Люсьен не ответил ни слова. Прапорщик, задетый этим, принял надменный вид и предложил ему оставить у себя письменный перечень примет, которые на разных дорогах могли способствовать распознаванию пределов разрешенной зоны в две мили. Надо вам сказать, что отвратительная, бесплодная, сухая равнина, на которой гений Вобана расположил Нанси, сменяется сколько-нибудь живописными холмами лишь в трех лье от города. Люсьен отдал бы в эту минуту все что угодно за удовольствие вышвырнуть прапорщика в окно.

- Сударь,- спросил он с простоватым видом,- а когда господа корнеты садятся на лошадь, чтобы прогуляться, могут ли они ехать рысью или должны ехать только шагом?

- О вашем вопросе, милостивый государь, я доложу полковнику,- ответил, покраснев от гнева, прапорщик.

Четверть часа спустя вестовой, прискакав галопом, привез Люсьену записку:

"Корнет Левен подвергнут аресту на сутки за высмеивание приказа командира полка.

Малер де Сен-Мегрек".

- Галилеянин, ты не победишь меня! - воскликнул Люсьен.

Этот досадный случай заставил его взять себя в руки. Нанси был ужасен, военная профессия лишь самым отдаленным образом напоминала Люсьену о Флерюсе и Маренго, но он настойчиво желал доказать отцу и Девельруа, что в состоянии перенести все неприятности.

В тот самый день, который Люсьен провел под арестом, старшим офицерам полка пришла в голову наивная мысль попытаться сделать визиты г-жам д'Окенкур, де Шастеле, де Пюи-Лоранс, де Марсильи, де Коммерси и т. д., к которым, как им было известно, являлись с визитами несколько офицеров 20-го гусарского полка. Мы не будем утруждать читателя изложением двадцати причин, по которым этот шаг следовало признать невероятной неловкостью, какой не допустил бы и самый недалекий юноша-парижанин.

Визит офицеров полка, за которым утвердилась репутация политической умеренности, был принят с дерзостью, бесконечно обрадовавшей нашего героя в его заключении. Подробности приема, по мнению Люсьена, делали честь остроумию этих дам.

Госпожи де Марсильи и де Коммерси, особы уже пожилые, при появлении посетителей в гостиной изобразили на своих лицах испуг, словно перед ними предстали деятели террора 1793 года. У г-ж де Пюи-Лоранс и д'Окенкур прием был оказан несколько иной, их прислуга, вероятно, получила приказание поглумиться над старшими офицерами 27-го полка, ибо когда они по окончании визита проходили через переднюю, их сопровождали громкие раскаты хохота.
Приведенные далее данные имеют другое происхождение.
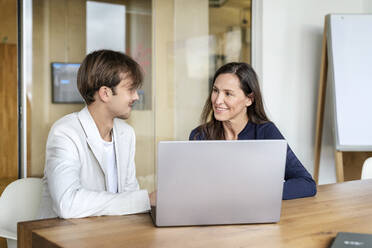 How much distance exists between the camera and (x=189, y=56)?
3676 millimetres

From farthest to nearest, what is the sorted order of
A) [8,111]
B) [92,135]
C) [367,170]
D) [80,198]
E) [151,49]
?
[151,49] < [8,111] < [367,170] < [92,135] < [80,198]

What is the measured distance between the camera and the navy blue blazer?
1.48 meters

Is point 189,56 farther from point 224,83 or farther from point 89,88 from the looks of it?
point 89,88

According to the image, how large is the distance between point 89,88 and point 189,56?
83.3 inches

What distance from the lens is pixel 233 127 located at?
2.18 meters

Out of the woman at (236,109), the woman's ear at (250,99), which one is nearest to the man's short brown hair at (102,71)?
the woman at (236,109)

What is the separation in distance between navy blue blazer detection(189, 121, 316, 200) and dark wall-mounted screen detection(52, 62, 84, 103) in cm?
150

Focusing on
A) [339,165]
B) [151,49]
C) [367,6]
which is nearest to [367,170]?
[339,165]

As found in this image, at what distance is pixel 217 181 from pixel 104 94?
30.8 inches

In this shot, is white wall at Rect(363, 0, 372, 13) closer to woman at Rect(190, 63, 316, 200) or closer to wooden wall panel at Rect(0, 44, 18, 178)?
woman at Rect(190, 63, 316, 200)

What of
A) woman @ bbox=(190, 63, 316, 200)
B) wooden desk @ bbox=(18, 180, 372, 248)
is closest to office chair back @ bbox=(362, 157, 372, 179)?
woman @ bbox=(190, 63, 316, 200)

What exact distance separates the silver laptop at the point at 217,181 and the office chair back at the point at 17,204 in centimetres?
95

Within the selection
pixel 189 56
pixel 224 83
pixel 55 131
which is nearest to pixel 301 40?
pixel 189 56

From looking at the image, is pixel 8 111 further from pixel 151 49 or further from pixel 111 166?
pixel 111 166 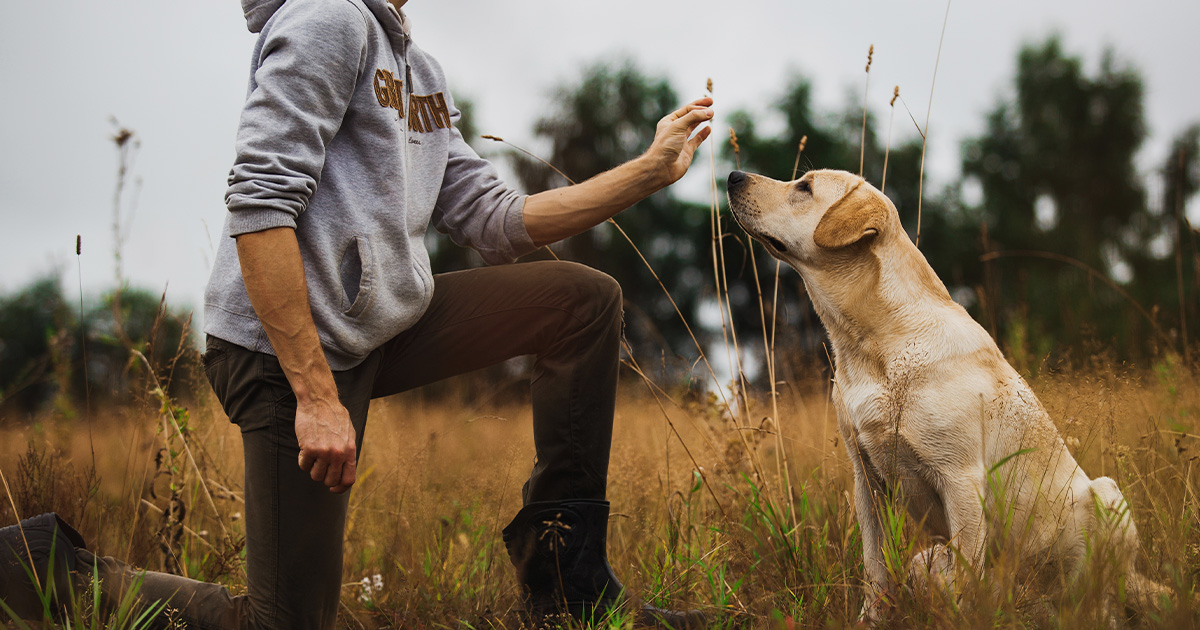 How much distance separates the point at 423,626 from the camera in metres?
2.46

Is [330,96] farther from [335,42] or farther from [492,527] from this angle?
[492,527]

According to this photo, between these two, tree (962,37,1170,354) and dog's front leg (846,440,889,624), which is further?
tree (962,37,1170,354)

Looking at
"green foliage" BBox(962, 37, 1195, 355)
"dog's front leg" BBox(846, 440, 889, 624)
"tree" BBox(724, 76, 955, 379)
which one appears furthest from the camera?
"tree" BBox(724, 76, 955, 379)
Редкие реплики, которые, преодолевая крайнее изумление, позволили себе г-жи д'Окенкур и де Пюи-Лоранс, были намеренно поданы таким образом, чтобы довести дерзость до той крайней точки, где она уже переходит в грубость и может набросить тень на светского человека, прибегнувшего к ней. У г-жи де Шастеле, где прислуга была вышколена лучше, чем в других домах, офицеров просто отказались принять.

- Что ж, полковник молча проглотил оскорбление,- сообщил Филото, который, когда уже стемнело и никто не мог проследить за ним, пришел навестить Люсьена и утешить его в постигшем его аресте.- Когда мы вышли от этой госпожи д'Окенкур, которая глядя на нас, продолжала хохотать, полковник попробовал убедить нас, что нас приняли благожелательно и весело, без церемоний, по-приятельски... Черт возьми! Будь это в доброе старое время, когда мы прошли всю Францию от Майнца до Байонны, чтобы вторгнуться в Испанию, с каким треском мы разбили бы окна у такой дамочки! Проклятая старуха, графиня де Мареильи, которой, по-моему, не меньше девяноста лет, когда мы встали, собираясь уходить, предложила нам выпить вина, как предлагают каким-нибудь извозчикам.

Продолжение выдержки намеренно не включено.